Soviet mathematician and theoretical physicist (1909–1992)

Nikolay Nikolayevich Bogolyubov (Note: Nikolay Nikolayevich is a transliteration from Russian Никола́й Никола́евич Боголю́бов; his name is sometimes written as Mykola Mykolayovych as a transliteration from Ukrainian Микола Миколайович Боголюбов; his last name can also be transliterated as Bogoliubov and Bogolubov.) (21 August 1909 – 13 February 1992) was a Soviet mathematician and theoretical physicist known for his significant contributions to quantum field theory, classical and quantum statistical mechanics, and the theory of dynamical systems; he was the recipient of the 1992 Dirac Medal for his works and studies.

==Biography==

===Early life (1909–1921)===
Nikolay Bogolyubov was born on 21 August 1909 in Nizhny Novgorod, Russia. His father, Nikolay Mikhaylovich Bogolyubov, was a Russian Orthodox priest and a teacher of theology, philosophy, and psychology at the Nizhny Novgorod Theological Seminary. His mother, Olga Nikolayevna, née Lyuminarskaya, was a music teacher.

Six months after Nikolay's birth, the family moved to Nezhin (present-day Ukraine), where his father taught him until 1913.

From 1913 to 1918, the family lived in Kiev. Nikolay was initially homeschooled. His father taught him the basics of arithmetic, as well as German, French, and English. At the age of six, he attended a preparatory class in the Kiev Gymnasium. However, he did not stay in the gymnasium for long, as the family moved to the village of Velyka Krucha.
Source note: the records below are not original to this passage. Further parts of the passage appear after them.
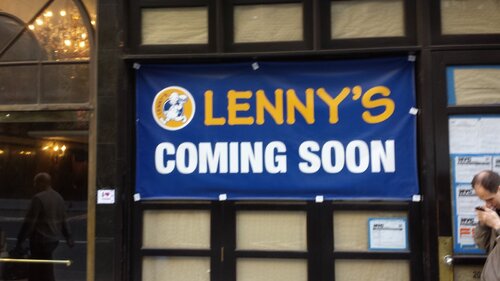 lennys' coming soon!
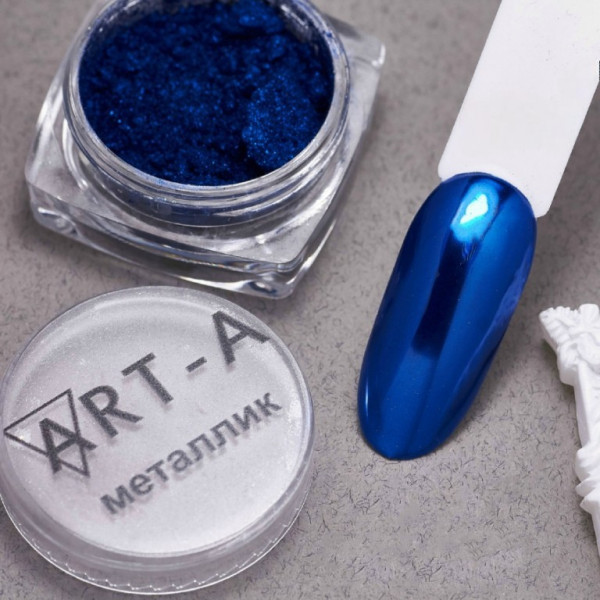 Пигмент для дизайна ногтей Art-A Металлик 07 0,5гр 029935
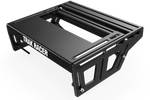 NexusMount Gen 2 Pedal Mount with Aluminium Profile Deck & Heel Rest – Above or Below Chassis, Tool-Free Angle – NexusMount Gen 2 pedal mount with aluminium profile deck and heel rest – photo 1 of 6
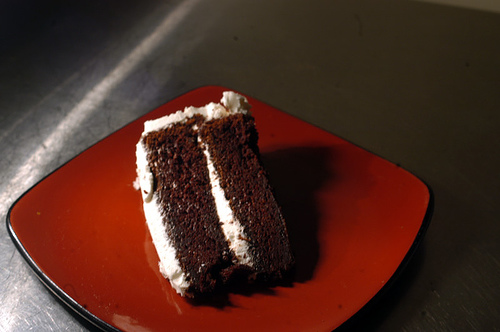 Baked Chocolate Custard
From 1919 to 1921, he studied at the Velykokruchanska seven-year school, whcih was the only educational institution he graduated from.

=== Kiev period (1921–1940) ===
The family soon moved to Kiev in 1921, where they continued to live in poverty as the elder Nikolay Bogolyubov only found a position as a priest in 1923. After finishing seven years of school, Bogolyubov independently studied physics and mathematics, and by the age of 14, he was already participating in the seminar of the Department of Mathematical Physics at Kiev University under the supervision of academician Dmitry Grave.

In 1924, at the age of 15, Bogolyubov wrote his first published scientific paper On the behavior of solutions of linear differential equations at infinity. In 1925, he entered Ph.D. program at the Academy of Sciences of the Ukrainian SSR under the supervision of the well-known contemporary mathematician Nikolay Krylov and obtained the degree of Candidate of Sciences (equivalent to a Ph.D.) in 1928, at the age of 19, with the doctoral thesis titled On direct methods of variational calculus. In 1930, at the age of 21, he obtained the degree of Doctor of Sciences (equivalent to habilitation), the highest degree in the Soviet Union, which requires the recipient to have made a significant independent contribution to his or her scientific field.

This early period of Bogolyubov's work in science was concerned with such mathematical problems as direct methods of the calculus of variations, the theory of almost periodic functions, methods of approximate solution of differential equations, and dynamical systems. This earlier research had already earned him recognition. One of his essays was awarded the Bologna Academy of Sciences Prize in 1930, and the author was awarded the erudite degree of doctor of mathematics. This was the period when the scientific career of the young Bogolyubov began, later producing new scientific trends in modern mathematics, physics, and mechanics.

Since 1931, Krylov and Bogolyubov worked together on the problems of nonlinear mechanics and nonlinear oscillations. They were the key figures in the Kiev school of nonlinear oscillation research, where their cooperation resulted in the paper "On the quasiperiodic solutions of the equations of nonlinear mechanics" (1934) and the book Introduction to Nonlinear Mechanics (1937; translated to English in 1947), leading to a creation of a large field of non-linear mechanics.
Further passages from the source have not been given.